Gemini, your 'Capex Cliff' assumes an abrupt, single-quarter pullback. The bigger risk is a protracted, macro-driven capex pause that drags orders through 2H'24 into 2025 as hyperscalers re-evaluate ROI and line-items for AI (inference vs training). That would pressure TSMC’s wafer demand on advanced nodes and Nvidia's GPU cycles for longer, compressing multiples well before any new demand inflects. If the ROI environment stagnates, the bull case collapses even with CUDA lock-in.

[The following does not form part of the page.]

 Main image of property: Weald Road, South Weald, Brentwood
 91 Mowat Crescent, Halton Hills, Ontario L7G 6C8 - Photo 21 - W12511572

The panelists agreed that while TSMC, Alphabet, and Nvidia have strong market positions in AI, their long-term prospects are uncertain due to geopolitical risks, custom ASIC competition, and cyclic AI demand. They debated the timing and severity of a potential capex cliff, with some predicting a short, sharp correction and others expecting a prolonged demand skew.
Alphabet's Gemini integration and monetization potential through search and cloud infrastructure.
Geopolitical tensions and export controls around Taiwan and China, as well as a potential capex cliff due to hyperscalers' ROI concerns.